> [WORK REQUIRED] Report every line of the records that contains the word "Photo".
** Opening SOURCE RECORDS block **
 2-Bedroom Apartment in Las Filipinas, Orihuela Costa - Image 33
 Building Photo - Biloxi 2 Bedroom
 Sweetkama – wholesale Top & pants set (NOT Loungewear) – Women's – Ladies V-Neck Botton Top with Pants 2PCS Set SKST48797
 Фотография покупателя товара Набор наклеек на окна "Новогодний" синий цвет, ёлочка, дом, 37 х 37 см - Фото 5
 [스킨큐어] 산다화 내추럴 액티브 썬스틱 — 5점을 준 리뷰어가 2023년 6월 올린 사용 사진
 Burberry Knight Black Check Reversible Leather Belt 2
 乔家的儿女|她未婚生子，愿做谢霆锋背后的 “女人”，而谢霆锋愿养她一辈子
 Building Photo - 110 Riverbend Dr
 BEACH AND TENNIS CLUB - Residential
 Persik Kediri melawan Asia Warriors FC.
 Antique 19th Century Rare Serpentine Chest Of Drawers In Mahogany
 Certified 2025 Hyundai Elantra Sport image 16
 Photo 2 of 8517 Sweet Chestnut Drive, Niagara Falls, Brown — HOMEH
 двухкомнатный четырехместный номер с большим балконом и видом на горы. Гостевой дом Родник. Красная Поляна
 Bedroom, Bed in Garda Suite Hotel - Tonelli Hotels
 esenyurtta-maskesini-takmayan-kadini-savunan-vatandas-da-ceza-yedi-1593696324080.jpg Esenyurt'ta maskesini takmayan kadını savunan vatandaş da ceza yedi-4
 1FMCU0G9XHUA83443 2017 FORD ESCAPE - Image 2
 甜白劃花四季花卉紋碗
** Closing SOURCE RECORDS block **
> [COMPLETED EXERCISE]
 Building Photo - Biloxi 2 Bedroom
 Building Photo - 110 Riverbend Dr
 Photo 2 of 8517 Sweet Chestnut Drive, Niagara Falls, Brown — HOMEH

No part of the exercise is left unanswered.